Historical population
| Census | Pop. | Note | %± |
| 1880 | 266 |  | — |
| 1890 | 248 |  | −6.8% |
| 1900 | 294 |  | 18.5% |
| 1910 | 321 |  | 9.2% |
| 1920 | 340 |  | 5.9% |
| 1930 | 303 |  | −10.9% |
| 1940 | 306 |  | 1.0% |
| 1950 | 312 |  | 2.0% |
| 1960 | 297 |  | −4.8% |
| 1970 | 347 |  | 16.8% |
| 1980 | 327 |  | −5.8% |
| 1990 | 327 |  | 0.0% |
| 2000 | 343 |  | 4.9% |
| 2010 | 410 |  | 19.5% |
| 2020 | 409 |  | −0.2% |
U.S. Decennial Census

===2010 census===
As of the census of 2010, there were 410 people, 171 households, and 112 families living in the city. The population density was 494.0 PD/sqmi. There were 177 housing units at an average density of 213.3 /sqmi. The racial makeup of the city was 98.0% White, 0.2% Native American, 0.5% Asian, 0.7% from other races, and 0.5% from two or more races. Hispanic or Latino of any race were 2.0% of the population.

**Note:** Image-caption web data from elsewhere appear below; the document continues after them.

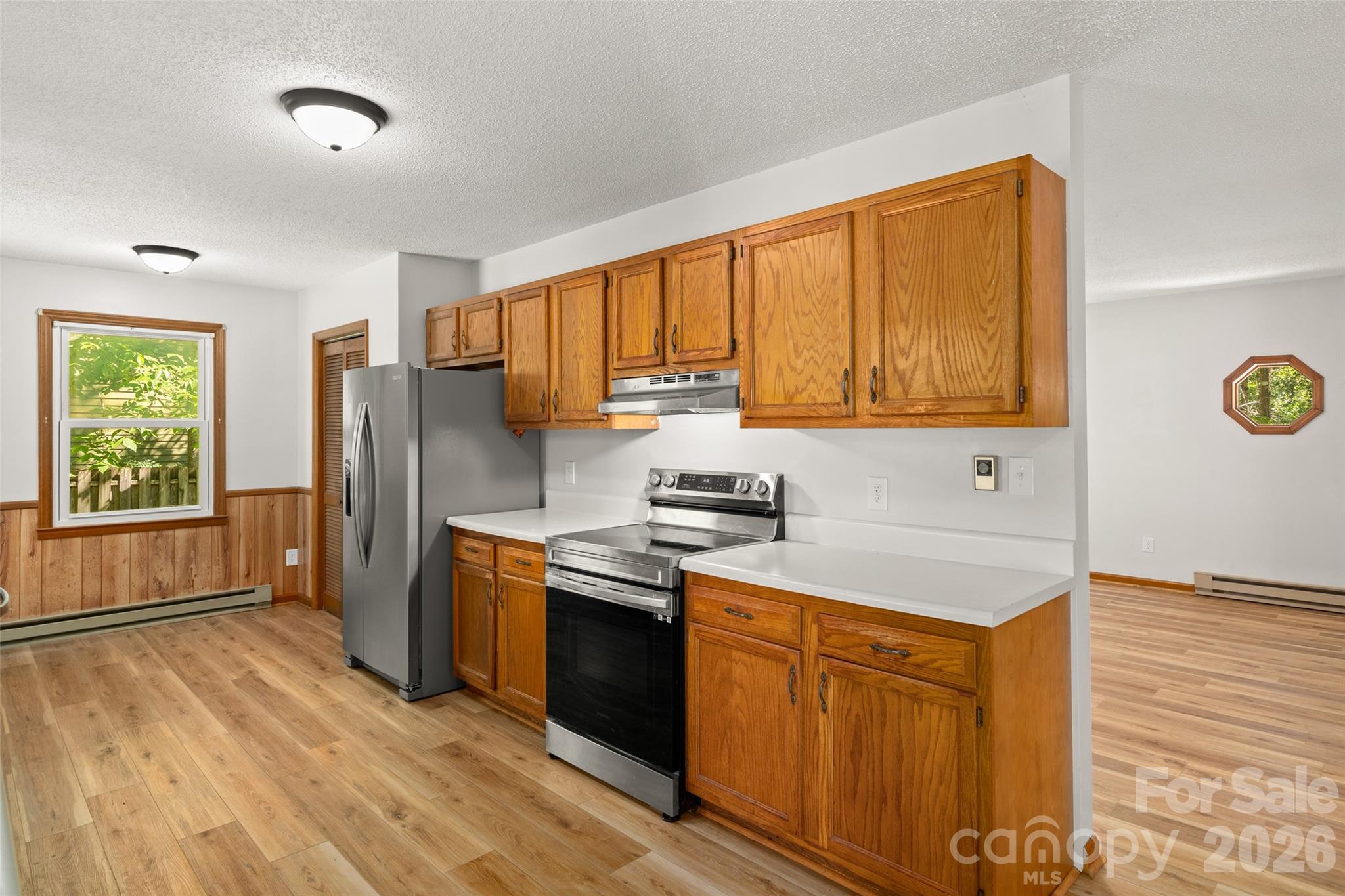 33 Baker Drive Property Photo 11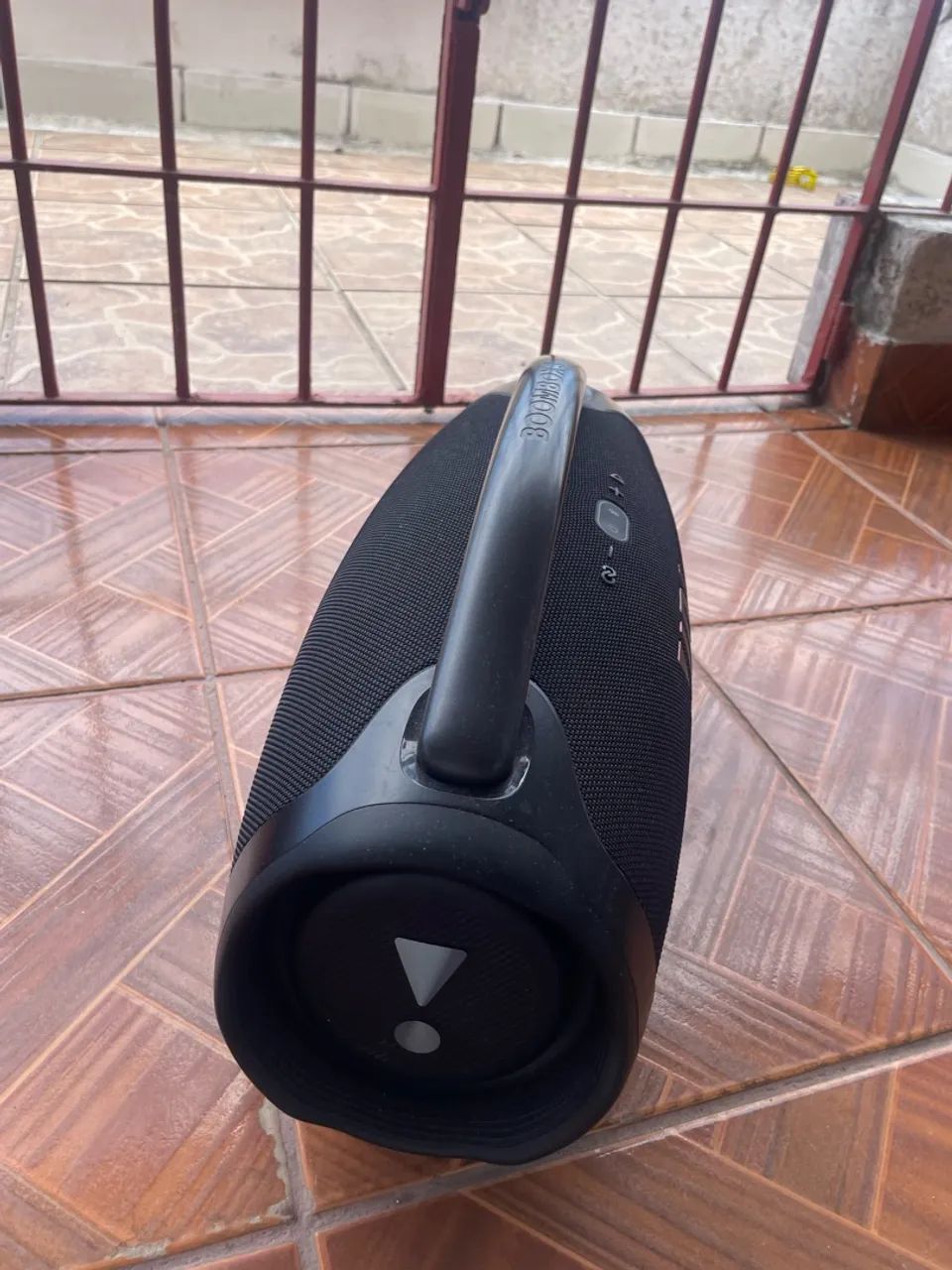 JBL 3 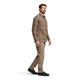 product variation Coyote Spring Plaid image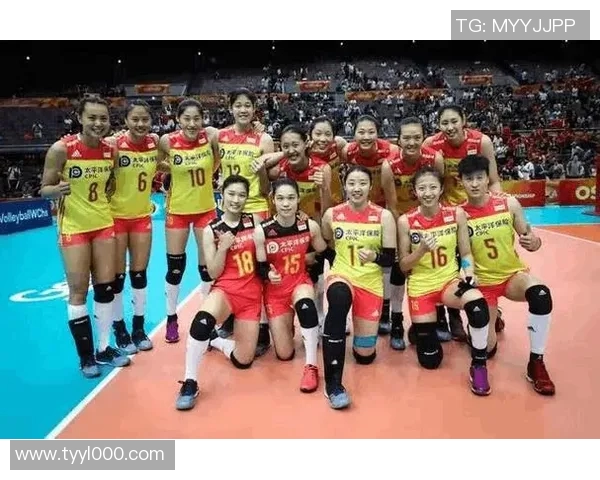 西安排球队状态全面对比分析揭示竞争优势与潜在风险 西安排球队状态全面对比分析揭示竞争优势与潜在风险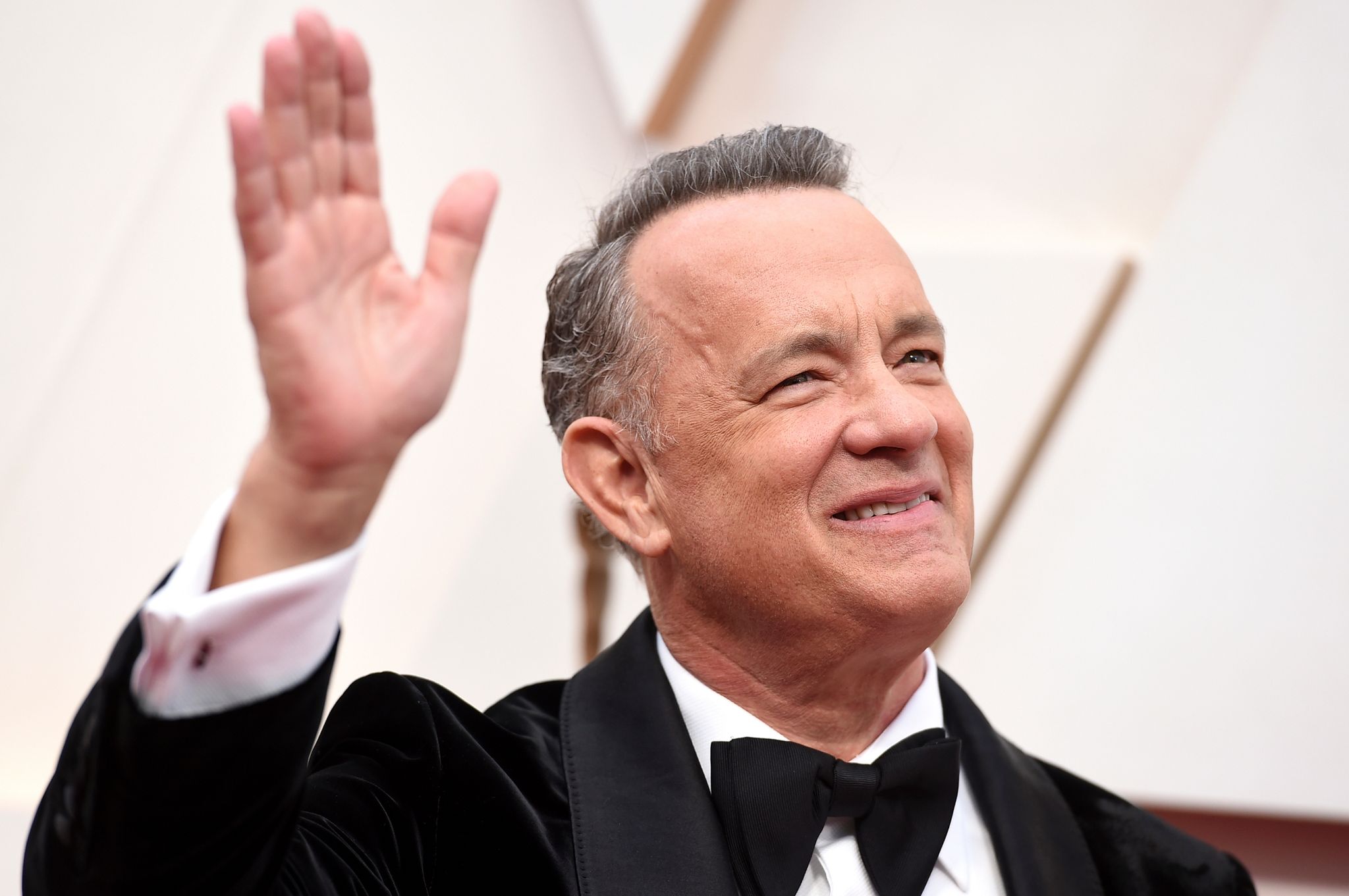 Tom Hanks als «Bösewicht» in Baz Luhrmanns «Elvis»-Biopic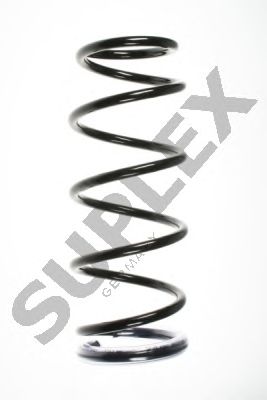 Coil Spring 41017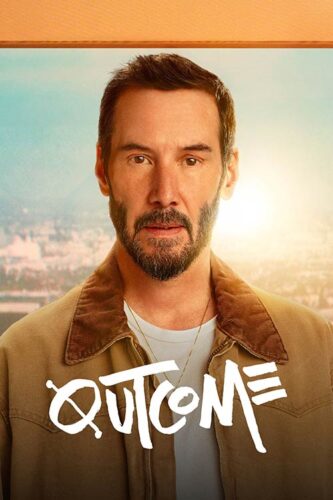 Outcome – نتیجه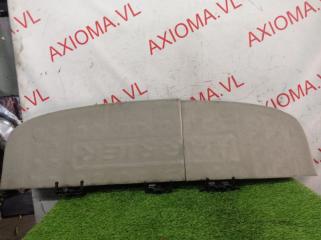 Полка багажника TOYOTA HARRIER ACU35 2AZFE 5840848040A0, 5840948040A0 1 ракурс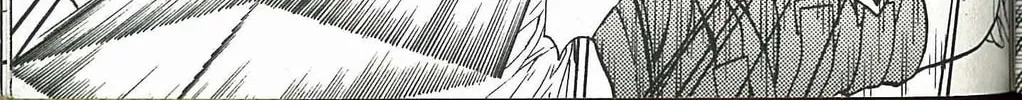 Read Dragon Eye chapter 2 image 61 on Lezhin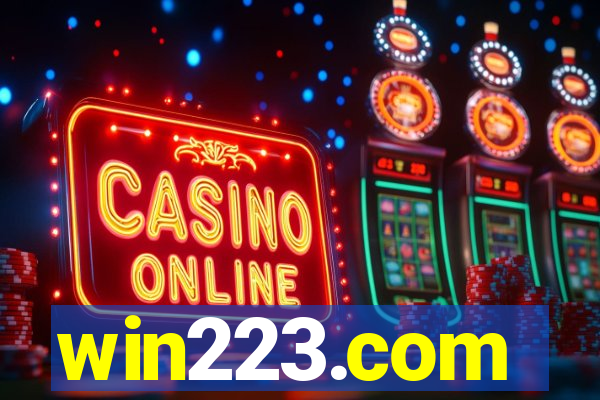 win223.com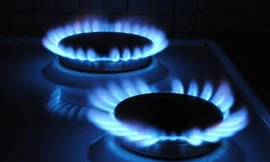 Ảnh minh hoạ: Internet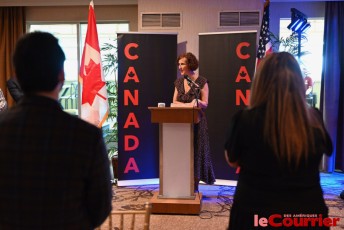 Canada-day-consulat-chambre-de-commerce-canada-floride-fort-lauderdale-7696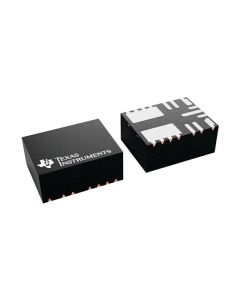 TEXAS INSTRUMENTS TPSM365R1RDNR - Intrare 3V la 65V, ieșire 1V la 15V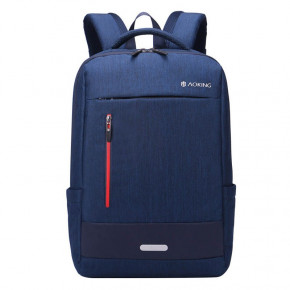     Aoking 1vn-SN67990-navy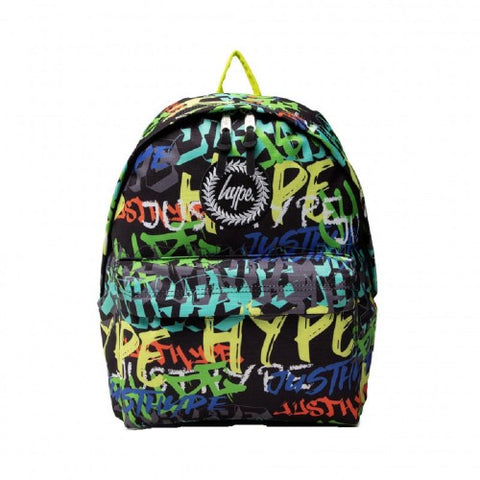 Buy Celtic FC Colour React Backpack - AllSports Official Merch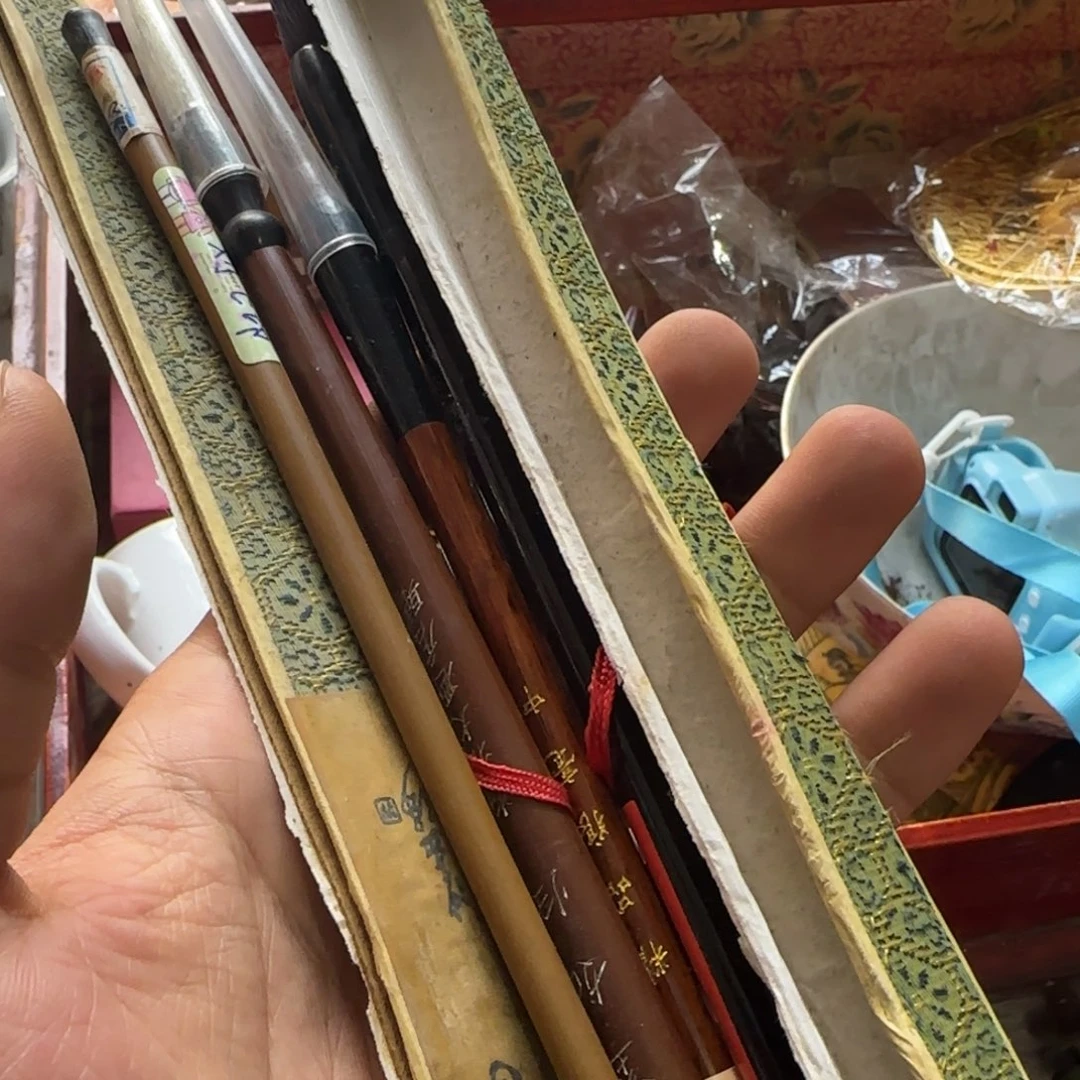 顺***水偏远地区不包邮的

There were 171 households, of which 35.7% had children under the age of 18 living with them, 52.6% were married couples living together, 7.0% had a female householder with no husband present, 5.8% had a male householder with no wife present, and 34.5% were non-families. 29.2% of all households were made up of individuals, and 10.5% had someone living alone who was 65 years of age or older. The average household size was 2.40 and the average family size was 2.96.

The median age in the city was 37.3 years. 27.1% of residents were under the age of 18; 5.8% were between the ages of 18 and 24; 25.9% were from 25 to 44; 27.1% were from 45 to 64; and 14.1% were 65 years of age or older. The gender makeup of the city was 50.7% male and 49.3% female.

===2000 census===
As of the census of 2000, there were 343 people, 131 households, and 94 families living in the city. The population density was 413.4 PD/sqmi. There were 137 housing units at an average density of 165.1 /sqmi. The racial makeup of the city was 98.54% White, 0.58% Native American, and 0.87% from two or more races.

There were 131 households, out of which 32.1% had children under the age of 18 living with them, 67.9% were married couples living together, 2.3% had a female householder with no husband present, and 27.5% were non-families. 20.6% of all households were made up of individuals, and 9.2% had someone living alone who was 65 years of age or older. The average household size was 2.62 and the average family size was 3.06.

In the city, the population was spread out, with 26.2% under the age of 18, 11.4% from 18 to 24, 30.3% from 25 to 44, 18.4% from 45 to 64, and 13.7% who were 65 years of age or older. The median age was 35 years. For every 100 females, there were 100.6 males. For every 100 females age 18 and over, there were 105.7 males.

The median income for a household in the city was $40,250, and the median income for a family was $49,583. Males had a median income of $28,571 versus $22,321 for females. The per capita income for the city was $18,085. None of the families and 3.4% of the population were living below the poverty line, including no under eighteens and 8.9% of those over 64.